The meter records minute-by-minute listening, unlike the 15-minute time blocs of the diary stem. It works 24/7/365 - a constant stream of data, rather than eight-week survey periods recorded by hand in diaries - and it records the radio you're listening to everywhere, at home or on the move.
My radio industry source delved into PPM data and came up with three relevant ratings numbers for Nancy Wood's tenure on Daybreak. From Sept. 7 to Jan. 31, the average minute audience (AMA) was 770 listeners, the average daily audience was 7,400 listeners and Daybreak's share of Montreal English morning tuning was 0.7 per cent.
Andrew Carter's top-rated CJAD morning show has an AMA of 36,270 listeners. The average daily Carter show reaches 145,000 Montrealers, and CJAD's morning share is 34 per cent.
But Nancy Wood was not competing with Andrew Carter. CBC numbers have never approached CJAD's.
The relevant ratings comparison is to Mike Finnerty, who preceded Wood as host of Daybreak and left the show in June. For a 21-week rating period between Feb. 2 and June 28, Daybreak's average minute audience was 980, its daily audience was 10,300 and its share of listening was 0.9 per cent.
The decline in ratings was cited by CBC-Montreal radio brass when they told Wood her tenure as Daybreak host would end in June.

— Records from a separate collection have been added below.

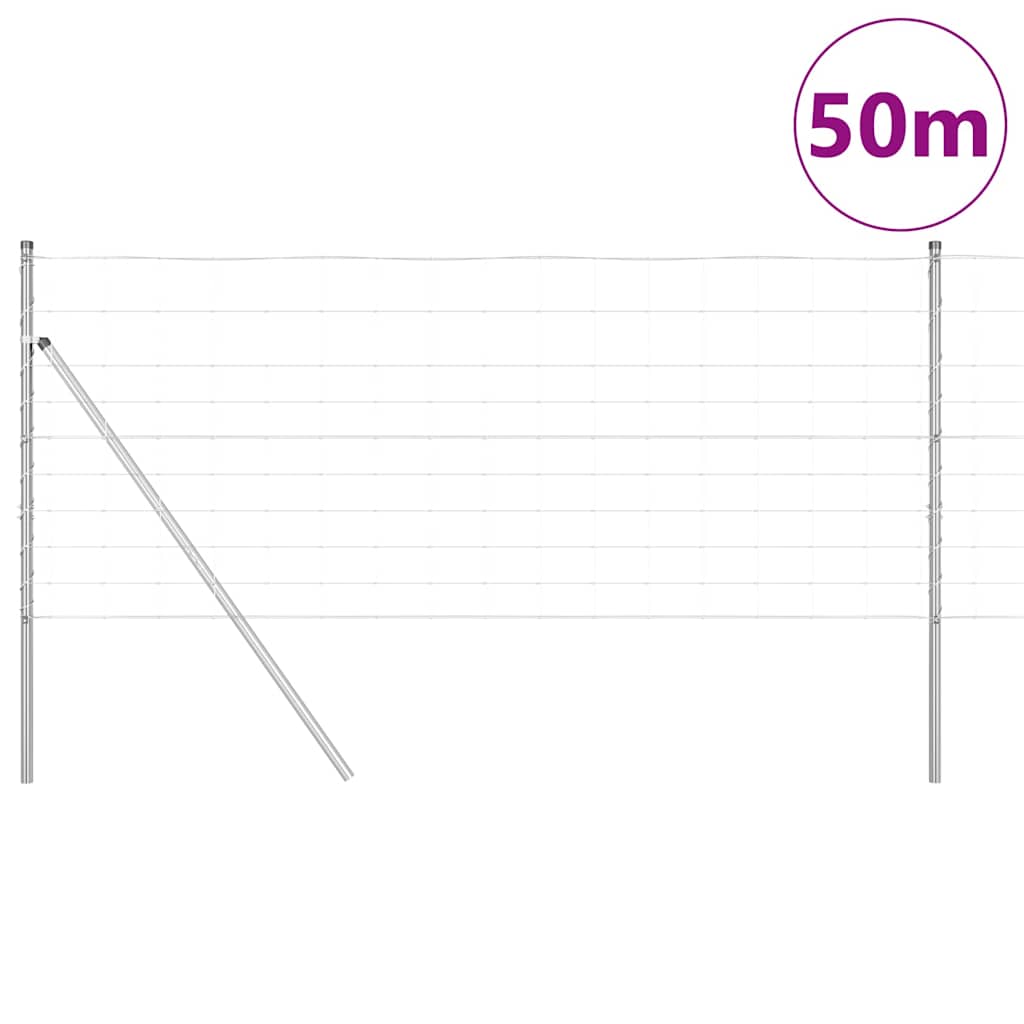Ground Fix Geschweißter Drahtzaun 50 x 1 m Verzinkter Stahl
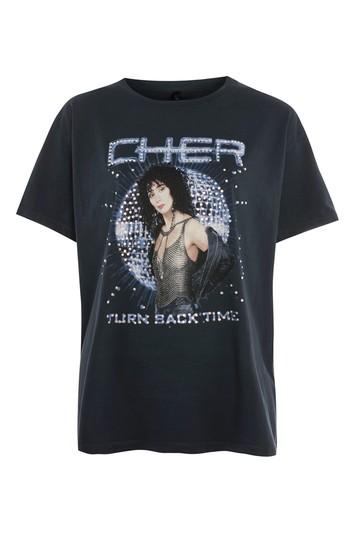 Topshop Cher Diamante T-shirt By And Finally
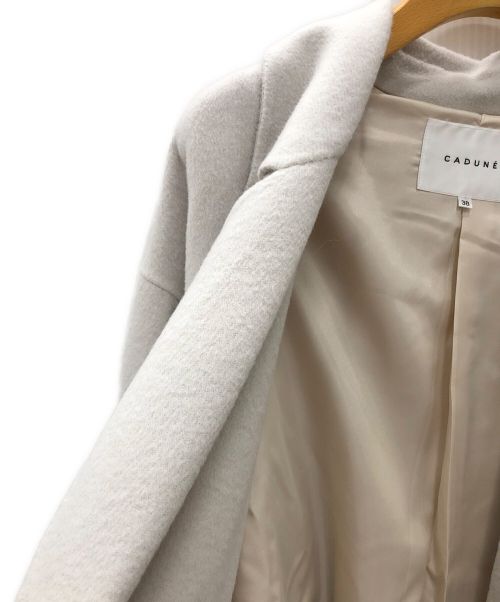 CADUNE（カデュネ）CADUNE (カデュネ) リバーコート ライトグレー サイズ:38の古着・服飾アイテム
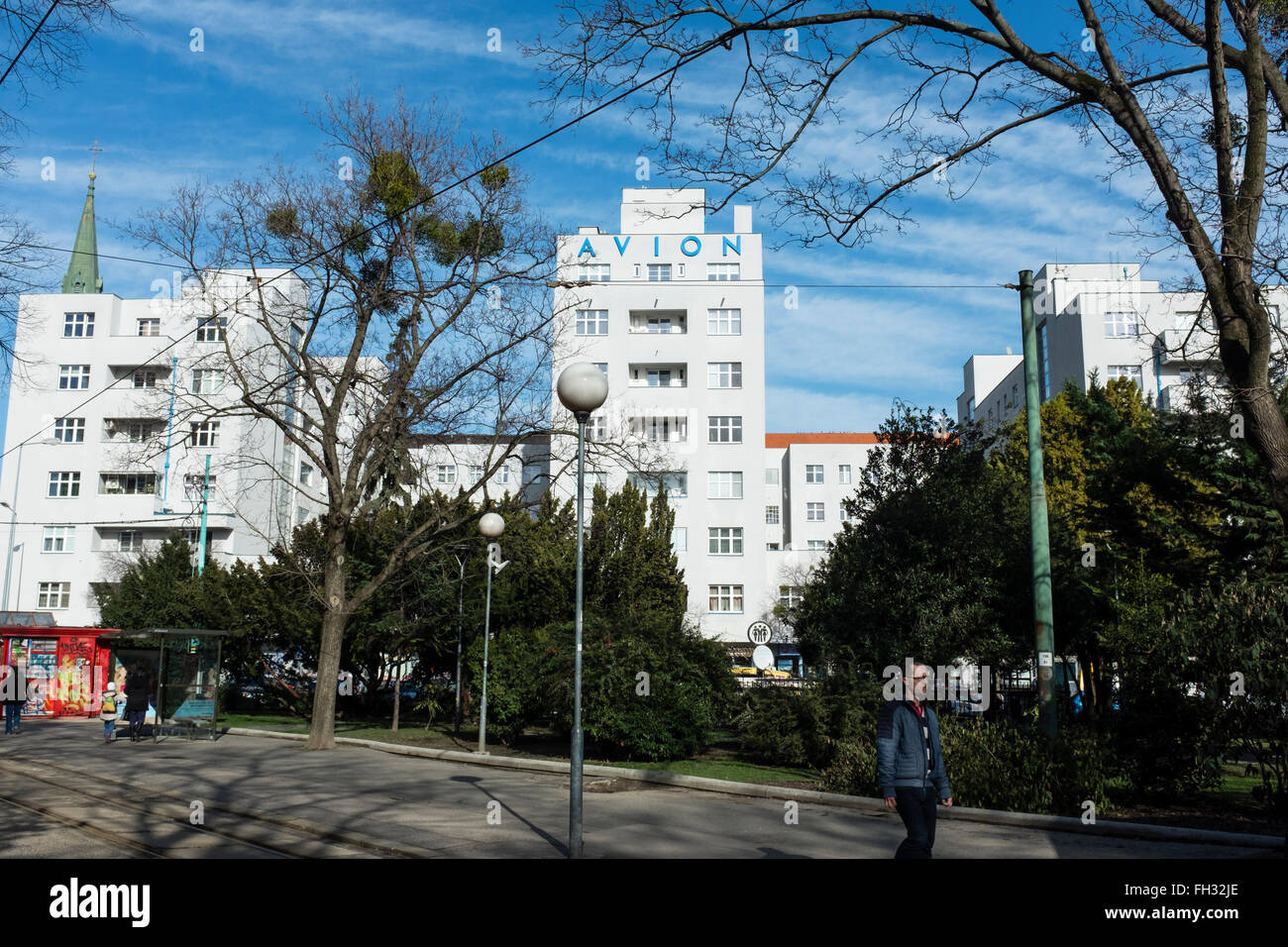 Bratislava, Avion. Funcionalism architecture, residence building Stock Photo
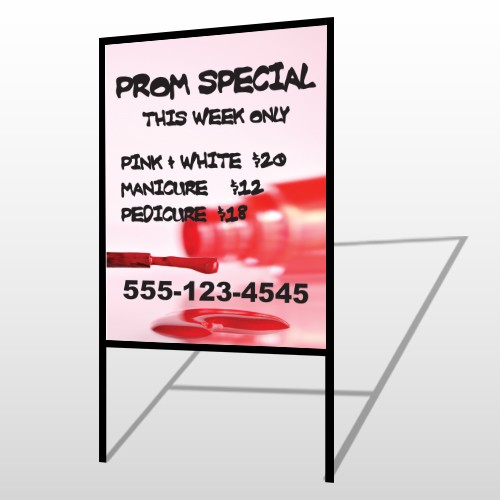 Pink Polish 486 H Frame Sign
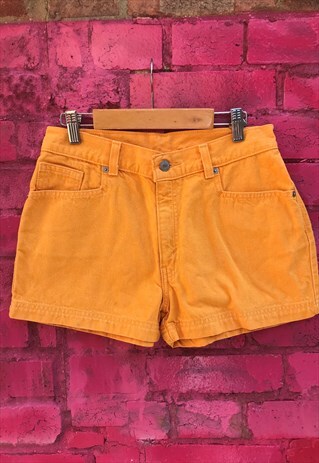 VINTAGE LEVI'S YELLOW DENIM SHORTS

And there's no denying the numbers are down.
"But it's not like Daybreak went from a 5 share to 0.7," my radio source said. "The decline was from 0.9 to 0.7."
It's important, he said, to consider the sample size. When the BBM used its diary method to compile ratings, data was based on approximately 3,300 respondents. The PPM uses a much smaller sample, about 800 to 900 listeners.
"When you look at the difference between Finnerty's share of listening and Wood's," my source said, "he had maybe 10 listeners in the PPM sample and she had eight. So she lost two listeners in less than five months, and they fired her."
No one would pull the trigger this quickly in private radio, which derives income from advertising, whose revenue depends on ratings. Programs and personalities need time to build an audience.
On the CBC, which is commercial-free, Wood was given no time.
The whole sorry saga lends credence to a theory making the rounds: the CBC had someone in mind to succeed Finnerty, but the person was not available when he left last summer.
The person's circumstances have changed, and he or she has become more amenable to taking the Daybreak job. So Nancy Wood gets the hook.
Ratings decline, at a network that shouldn't care about ratings, gives the CBC brain trust cover for their machinations.